Het milieu wordt een politiek aandachtveld, dat tot uitdrukking komt in de installatie in 1971 van het Ministerie van Volksgezondheid en Milieuhygiëne en in een groot aantal wetten en regelingen op het gebied van milieu en natuur, van de Natuurbeschermingswet van 1967 (met de introductie van beschermde natuurmonumenten) tot aan het Natuurbeleidsplan in 1990 (met de bepalende Ecologische Hoofdstructuur als speerpunt). Universiteiten zetten nieuwe vakgebieden en studies op, zoals milieuplanning, milieukunde en ecologie. Er wordt gestudeerd op alternatieven voor fossiele energie, en als in 1986 in Tsjernobyl een reactor ontploft, ook voor kernenergie. In Nederland ontwikkelt zich al snel knowhow en werken pioniers en universiteiten samen om windenergie van de grond te krijgen. Voor het eerst in de geschiedenis van de ruimtelijke ordening houden beleidsmakers en ontwerpers rekening met grenzen aan de groei, een uitzonderlijke breuk in het dan gebruikelijke vooruitgangsdenken. In plaats van plannen die ‘af’ zijn, werken ze met scenario’s en ruimtelijke alternatieven. Niet alleen in en om de steden, maar ook voor het buitengebied, zoals het invloedrijke Plan Ooievaar uit 1986 dat een ontwikkelingsvisie van het Nederlandse rivierengebied beschreef. Er komt ontwerpaandacht voor de stadsgrens als schakel tussen agrarische gebied en stad, zoals in het ontwerp voor het Rotterdamse Wollefoppenpark, waar het cultuurlandschap als vanzelfsprekend overgaat in een modern recreatief wijkpark.

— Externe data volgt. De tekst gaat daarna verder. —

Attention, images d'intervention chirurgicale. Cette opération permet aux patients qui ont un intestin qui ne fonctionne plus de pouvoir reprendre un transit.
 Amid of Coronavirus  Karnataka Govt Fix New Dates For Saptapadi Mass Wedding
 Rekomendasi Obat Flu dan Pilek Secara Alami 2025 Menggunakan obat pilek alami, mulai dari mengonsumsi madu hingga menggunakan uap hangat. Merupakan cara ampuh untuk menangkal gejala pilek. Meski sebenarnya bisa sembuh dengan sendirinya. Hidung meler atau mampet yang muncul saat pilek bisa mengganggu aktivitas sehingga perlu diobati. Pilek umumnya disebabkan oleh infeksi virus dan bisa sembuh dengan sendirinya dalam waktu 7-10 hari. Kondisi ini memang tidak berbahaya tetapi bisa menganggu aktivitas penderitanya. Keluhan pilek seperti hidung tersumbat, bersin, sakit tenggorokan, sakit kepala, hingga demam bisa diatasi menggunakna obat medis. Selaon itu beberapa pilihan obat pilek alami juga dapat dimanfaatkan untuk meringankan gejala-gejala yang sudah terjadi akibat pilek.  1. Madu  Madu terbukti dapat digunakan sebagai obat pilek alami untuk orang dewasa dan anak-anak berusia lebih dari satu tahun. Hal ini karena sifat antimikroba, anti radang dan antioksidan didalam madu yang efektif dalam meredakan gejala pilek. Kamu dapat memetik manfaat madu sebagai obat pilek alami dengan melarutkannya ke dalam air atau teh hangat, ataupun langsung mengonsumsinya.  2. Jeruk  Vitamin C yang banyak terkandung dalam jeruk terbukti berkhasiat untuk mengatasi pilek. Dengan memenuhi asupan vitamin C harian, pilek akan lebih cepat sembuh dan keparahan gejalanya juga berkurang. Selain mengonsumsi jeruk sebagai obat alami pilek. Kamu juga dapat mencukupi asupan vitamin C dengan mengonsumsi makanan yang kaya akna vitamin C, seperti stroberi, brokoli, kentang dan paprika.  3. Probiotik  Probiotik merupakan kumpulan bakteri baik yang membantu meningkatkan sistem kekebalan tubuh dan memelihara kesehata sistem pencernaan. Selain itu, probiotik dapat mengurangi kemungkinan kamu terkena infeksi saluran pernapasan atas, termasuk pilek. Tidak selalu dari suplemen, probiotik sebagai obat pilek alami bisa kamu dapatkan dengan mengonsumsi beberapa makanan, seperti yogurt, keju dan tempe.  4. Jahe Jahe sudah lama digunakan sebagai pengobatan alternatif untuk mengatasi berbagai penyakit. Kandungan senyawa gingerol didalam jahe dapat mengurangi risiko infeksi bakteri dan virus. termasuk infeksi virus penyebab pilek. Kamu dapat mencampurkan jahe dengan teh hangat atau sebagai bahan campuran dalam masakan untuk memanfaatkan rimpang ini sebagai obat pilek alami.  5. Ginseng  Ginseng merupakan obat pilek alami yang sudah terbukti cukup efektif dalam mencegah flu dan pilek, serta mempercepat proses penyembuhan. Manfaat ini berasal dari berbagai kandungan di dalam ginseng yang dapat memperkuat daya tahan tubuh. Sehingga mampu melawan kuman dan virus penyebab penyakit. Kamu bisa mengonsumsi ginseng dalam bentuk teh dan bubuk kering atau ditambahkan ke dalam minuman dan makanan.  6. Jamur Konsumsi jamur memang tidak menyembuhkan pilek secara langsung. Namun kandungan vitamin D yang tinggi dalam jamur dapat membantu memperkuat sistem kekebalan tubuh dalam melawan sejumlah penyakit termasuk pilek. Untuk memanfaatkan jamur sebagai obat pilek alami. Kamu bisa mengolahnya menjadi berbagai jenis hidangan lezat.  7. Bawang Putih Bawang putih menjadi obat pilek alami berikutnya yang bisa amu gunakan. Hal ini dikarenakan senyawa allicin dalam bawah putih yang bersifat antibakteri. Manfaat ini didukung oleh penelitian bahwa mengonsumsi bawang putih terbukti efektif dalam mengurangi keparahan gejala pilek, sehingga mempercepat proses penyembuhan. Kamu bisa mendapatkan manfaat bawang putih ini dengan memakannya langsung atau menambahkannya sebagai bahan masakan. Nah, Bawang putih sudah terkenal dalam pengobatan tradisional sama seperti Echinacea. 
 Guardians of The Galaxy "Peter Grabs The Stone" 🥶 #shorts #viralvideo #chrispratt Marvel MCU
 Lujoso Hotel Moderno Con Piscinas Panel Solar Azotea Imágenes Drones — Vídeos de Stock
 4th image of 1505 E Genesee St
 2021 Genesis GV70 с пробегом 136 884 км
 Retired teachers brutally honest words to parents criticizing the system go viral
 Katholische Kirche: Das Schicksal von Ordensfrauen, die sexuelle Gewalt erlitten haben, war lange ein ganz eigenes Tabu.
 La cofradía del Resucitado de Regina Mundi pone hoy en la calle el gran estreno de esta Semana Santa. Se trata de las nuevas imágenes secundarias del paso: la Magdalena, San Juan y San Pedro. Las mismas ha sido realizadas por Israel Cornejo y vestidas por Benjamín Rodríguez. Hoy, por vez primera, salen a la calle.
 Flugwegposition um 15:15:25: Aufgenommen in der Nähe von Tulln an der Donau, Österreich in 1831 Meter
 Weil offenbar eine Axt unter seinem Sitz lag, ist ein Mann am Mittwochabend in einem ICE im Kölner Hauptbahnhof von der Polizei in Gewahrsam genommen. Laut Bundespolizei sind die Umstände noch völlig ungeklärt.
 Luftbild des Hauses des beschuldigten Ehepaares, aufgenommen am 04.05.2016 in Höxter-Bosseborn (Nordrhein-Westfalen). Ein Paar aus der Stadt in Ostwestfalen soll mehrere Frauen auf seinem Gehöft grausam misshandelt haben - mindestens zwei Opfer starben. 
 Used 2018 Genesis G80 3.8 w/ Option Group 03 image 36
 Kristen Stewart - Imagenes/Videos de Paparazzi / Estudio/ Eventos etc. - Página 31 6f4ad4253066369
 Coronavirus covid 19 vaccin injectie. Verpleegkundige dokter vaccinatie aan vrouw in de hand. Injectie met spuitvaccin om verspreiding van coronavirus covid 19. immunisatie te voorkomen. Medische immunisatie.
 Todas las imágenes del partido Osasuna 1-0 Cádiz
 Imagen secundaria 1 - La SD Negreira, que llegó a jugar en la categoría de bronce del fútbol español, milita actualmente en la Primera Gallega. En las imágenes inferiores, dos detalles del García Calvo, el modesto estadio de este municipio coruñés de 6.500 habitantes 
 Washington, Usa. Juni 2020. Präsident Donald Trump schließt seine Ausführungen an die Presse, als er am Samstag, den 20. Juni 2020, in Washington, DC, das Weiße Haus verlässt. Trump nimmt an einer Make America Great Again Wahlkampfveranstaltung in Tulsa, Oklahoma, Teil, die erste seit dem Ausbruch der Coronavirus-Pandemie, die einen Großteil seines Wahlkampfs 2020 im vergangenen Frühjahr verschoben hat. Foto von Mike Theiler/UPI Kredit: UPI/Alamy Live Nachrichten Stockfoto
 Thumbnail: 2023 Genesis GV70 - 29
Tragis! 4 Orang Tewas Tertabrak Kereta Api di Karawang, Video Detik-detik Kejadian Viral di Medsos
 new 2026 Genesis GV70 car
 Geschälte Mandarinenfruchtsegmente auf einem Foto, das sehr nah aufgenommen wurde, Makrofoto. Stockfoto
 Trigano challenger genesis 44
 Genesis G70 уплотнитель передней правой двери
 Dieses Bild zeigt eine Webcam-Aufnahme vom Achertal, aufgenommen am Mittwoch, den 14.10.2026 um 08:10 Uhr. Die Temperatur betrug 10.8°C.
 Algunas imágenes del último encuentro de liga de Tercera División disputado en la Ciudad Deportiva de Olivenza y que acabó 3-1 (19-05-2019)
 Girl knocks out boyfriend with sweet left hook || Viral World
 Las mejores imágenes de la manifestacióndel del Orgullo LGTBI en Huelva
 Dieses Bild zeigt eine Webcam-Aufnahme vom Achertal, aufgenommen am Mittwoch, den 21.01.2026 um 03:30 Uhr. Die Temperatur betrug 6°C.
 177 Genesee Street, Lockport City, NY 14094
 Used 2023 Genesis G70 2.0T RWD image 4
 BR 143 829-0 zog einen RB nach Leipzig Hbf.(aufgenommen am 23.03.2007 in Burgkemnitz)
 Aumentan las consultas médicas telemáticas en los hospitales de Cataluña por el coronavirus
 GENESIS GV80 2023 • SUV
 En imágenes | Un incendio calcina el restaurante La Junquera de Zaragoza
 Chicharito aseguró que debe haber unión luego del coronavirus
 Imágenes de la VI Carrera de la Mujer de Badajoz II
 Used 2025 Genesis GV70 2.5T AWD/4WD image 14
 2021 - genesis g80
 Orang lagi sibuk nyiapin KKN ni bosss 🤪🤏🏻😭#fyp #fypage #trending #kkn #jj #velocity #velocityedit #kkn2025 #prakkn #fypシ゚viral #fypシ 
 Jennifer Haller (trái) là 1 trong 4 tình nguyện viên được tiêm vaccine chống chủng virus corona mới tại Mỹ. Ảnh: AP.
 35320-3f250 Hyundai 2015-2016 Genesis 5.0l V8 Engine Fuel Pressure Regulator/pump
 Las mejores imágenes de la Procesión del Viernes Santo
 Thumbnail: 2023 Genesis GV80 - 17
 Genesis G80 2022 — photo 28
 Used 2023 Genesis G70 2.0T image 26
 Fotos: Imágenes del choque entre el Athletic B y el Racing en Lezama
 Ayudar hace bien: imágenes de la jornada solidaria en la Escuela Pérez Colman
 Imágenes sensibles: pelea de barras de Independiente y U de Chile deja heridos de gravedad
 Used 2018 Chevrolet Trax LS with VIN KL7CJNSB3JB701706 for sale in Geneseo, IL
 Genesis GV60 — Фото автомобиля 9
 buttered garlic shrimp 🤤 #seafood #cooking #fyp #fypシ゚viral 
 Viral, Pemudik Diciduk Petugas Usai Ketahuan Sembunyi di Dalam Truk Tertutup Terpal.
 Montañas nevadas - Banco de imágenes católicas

Het kind in het midden houd een papier vast met daarop "wij willen dat de kinderboederij blijft!". Verder staan er meer kinderen en volwassen mannen op de foto. Één man heeft een lam op zijn schouders terwijl hij praat met een andere man.
Beeld: ©Nationaal Archief / Antonisse, Marcel / Anefo, CC0
Actie voor kinderboerderij t Brinkse bij stadhuis van Amsterdam

Ontwerpen met milieu

Het milieu krijgt een rol bij het ontwerpen van nieuwe wijken en buurten. In de stedenbouw is dat zichtbaar in het laten prevaleren van andere belangen dan die van de automobilist in de ruimte, zoals voor de fietser (structurerend in bijvoorbeeld groeikern Houten), voor wandelaars (wandelmeent in Hilversum) en kinderen (met het woonerf als de ultieme democratische ruimte). Vooral het door bewoners mede-bedenken, aanleggen en beheren van parken en plantsoenen zou het buurtleven en de liefde voor natuur bevorderen. Het steriele en geordende karakter van het groen in de nieuwbouwwijken uit de naoorlogse jaren, een karakter dat door veel maaien en onkruidverdelgers tot stand werd gebracht, is het anti-voorbeeld, de ecologische buurttuin van ontwerper Louis le Roy een grote inspiratiebron. In de kunsten vertaalt de aandacht voor natuur en milieu zich onder meer in land art projecten, die de ruimte, de aarde, planten en de hemel als kunstwerk nemen, zoals het werk Celestial Vault in de duinen bij Den Haag. Zogenaamde organische ontwerpers, zoals architectenbureau Albers en van Huut, ontwierpen hun gebouwen in relatie tot de omgeving en in relatie tot de mens, met een belangrijke rol voor thema’s als ‘ecologie’, ‘duurzaamheid’ en ‘participatie’. Beweging De Kleine Aarde experimenteerde sinds 1973 met biologische landbouw en alternatieve energie, om het milieubewustzijn te bevorderen, maar ook veel (amateur)architecten werken aan huizen met zonne- en windenergie.